Supplied entries:
■ ■ ■

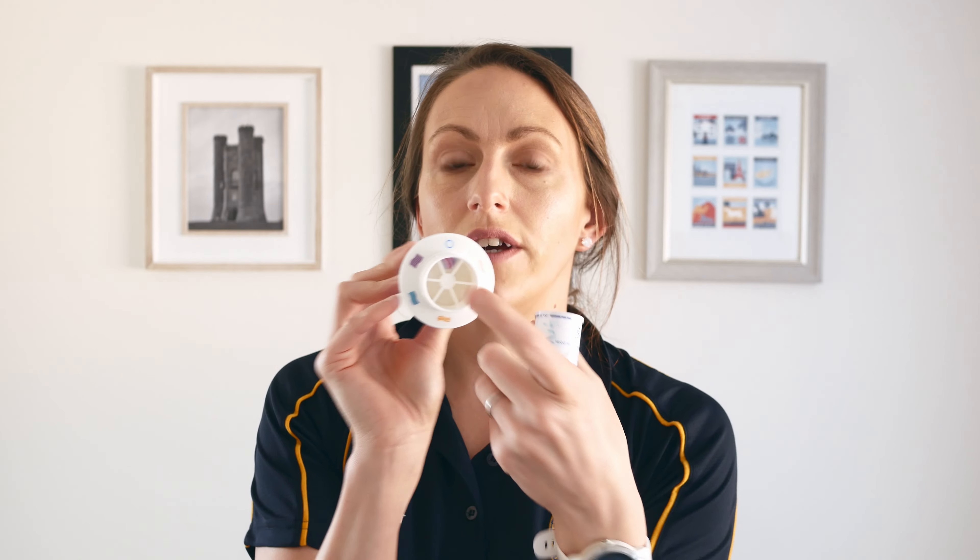So if you want to try someone on a metered dose inhaler and practice their technique without using the drug a lot, you turn it to MDI onto zero here, and you can see there's quite a big hole there for that inspiratory flow.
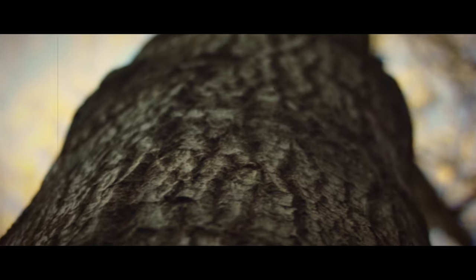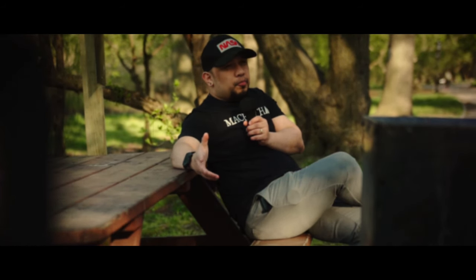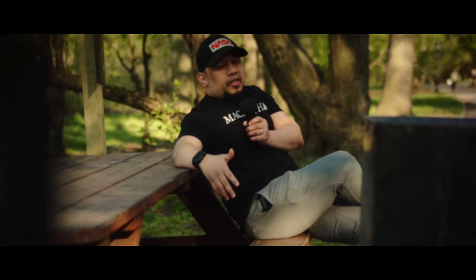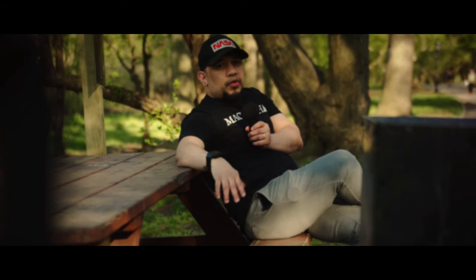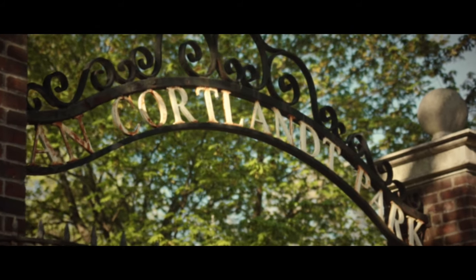I will not actually recommend you to buy this camera, because in my opinion there are a lot of cheap cameras out there, like the big brother of this one — the Sony a6000 — that are going to be able to shoot better videos. I'm using this camera just to show you that you don't need the latest and greatest to make cinematic videos.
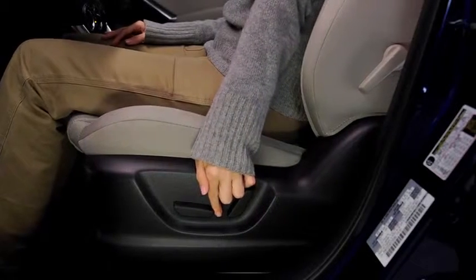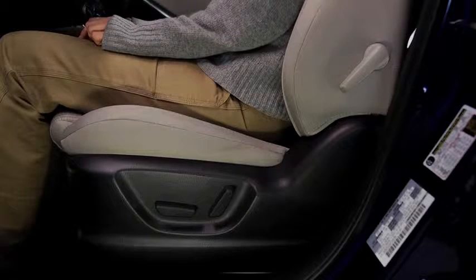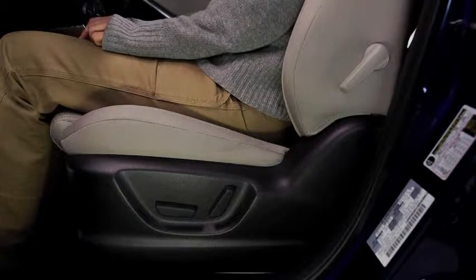To slide the seat, move the slide lifter switch on the outside of the seat to the front or back and hold it. Release the switch at the desired position.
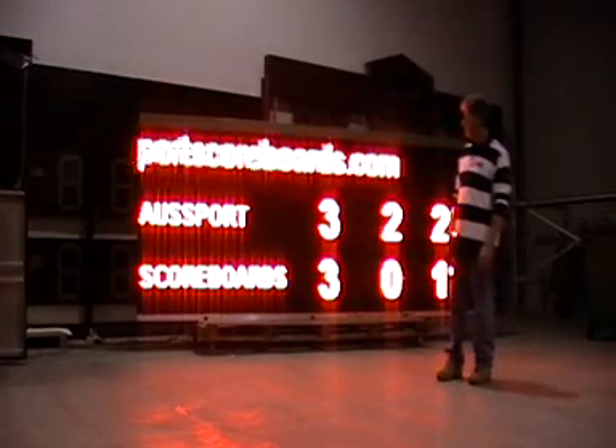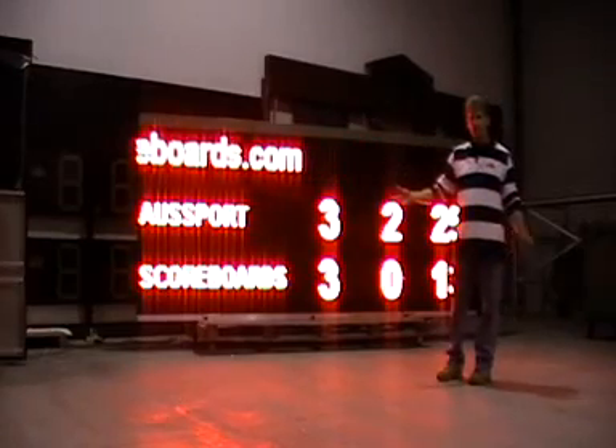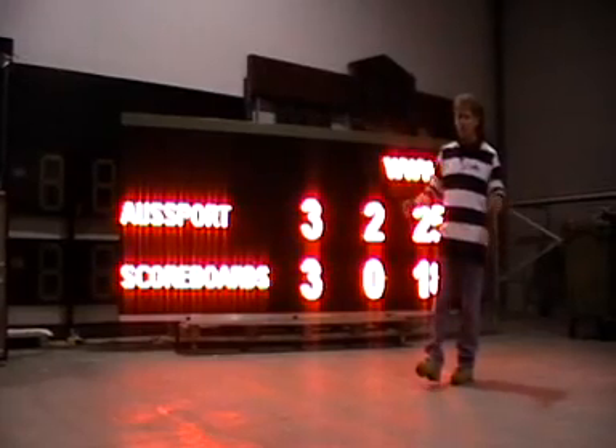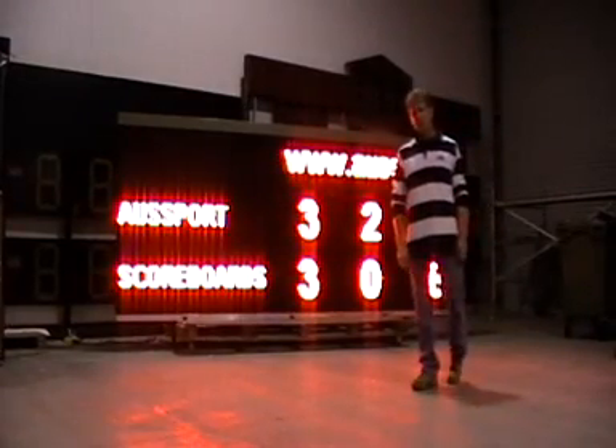It's entirely up to you. Once again, we're Allsports Scoreboards. We have offices in Australia and the United States. We can basically service any type of scoreboard that you want — we custom-make scoreboards as a free application.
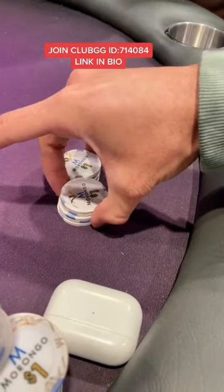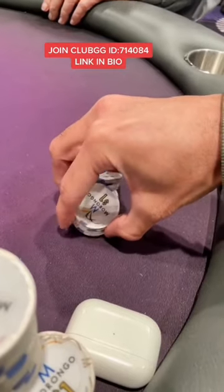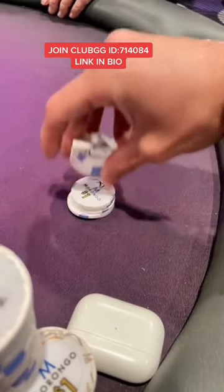Use your ring finger and your pinky and push them together against your thumb, and you swipe up or you pull up with your middle finger, and then your pointer finger just kind of helps keep them in place. That's it.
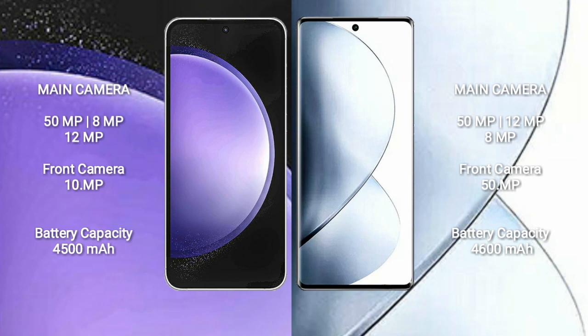Samsung Galaxy S23 FE has a 4500mAh battery with 25W fast charging support. vivo V29 Pro has a 4600mAh battery with 80W fast charging support.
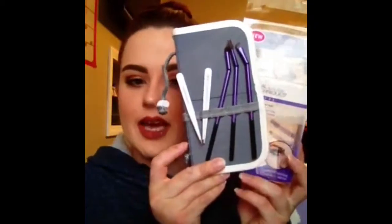Today I'm going to be talking about a new brush set from Real Techniques — the Brow Set. In here you get five different things: three of which are brushes and two of which are tweezers.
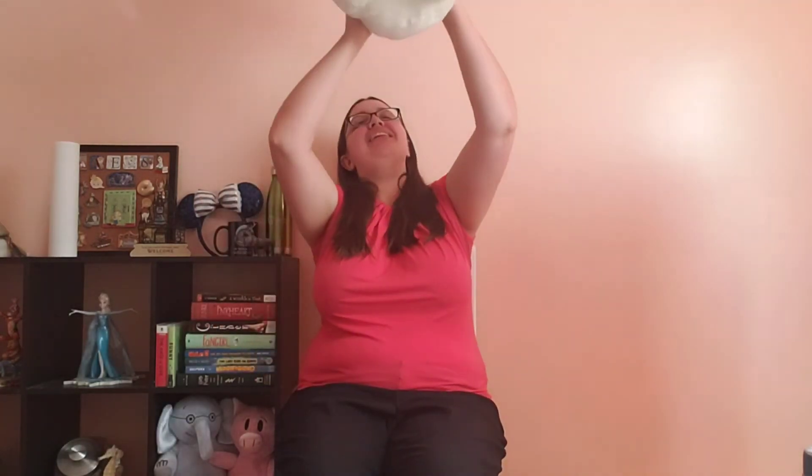All right, here we go again. Zoom zoom zoom, we're going to the moon. Zoom zoom zoom, we'll get there very soon. In five, four, three, two, one. Blastoff!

■ ■ ■

The problem: Across the whole listing, reproduce each line verbatim and exclude every picture.

Worked solution:
So if you want to try someone on a metered dose inhaler and practice their technique without using the drug a lot, you turn it to MDI onto zero here, and you can see there's quite a big hole there for that inspiratory flow.
I will not actually recommend you to buy this camera, because in my opinion there are a lot of cheap cameras out there, like the big brother of this one — the Sony a6000 — that are going to be able to shoot better videos. I'm using this camera just to show you that you don't need the latest and greatest to make cinematic videos.
To slide the seat, move the slide lifter switch on the outside of the seat to the front or back and hold it. Release the switch at the desired position.
It's entirely up to you. Once again, we're Allsports Scoreboards. We have offices in Australia and the United States. We can basically service any type of scoreboard that you want — we custom-make scoreboards as a free application.
Use your ring finger and your pinky and push them together against your thumb, and you swipe up or you pull up with your middle finger, and then your pointer finger just kind of helps keep them in place. That's it.
Samsung Galaxy S23 FE has a 4500mAh battery with 25W fast charging support. vivo V29 Pro has a 4600mAh battery with 80W fast charging support.
Today I'm going to be talking about a new brush set from Real Techniques — the Brow Set. In here you get five different things: three of which are brushes and two of which are tweezers.
All right, here we go again. Zoom zoom zoom, we're going to the moon. Zoom zoom zoom, we'll get there very soon. In five, four, three, two, one. Blastoff!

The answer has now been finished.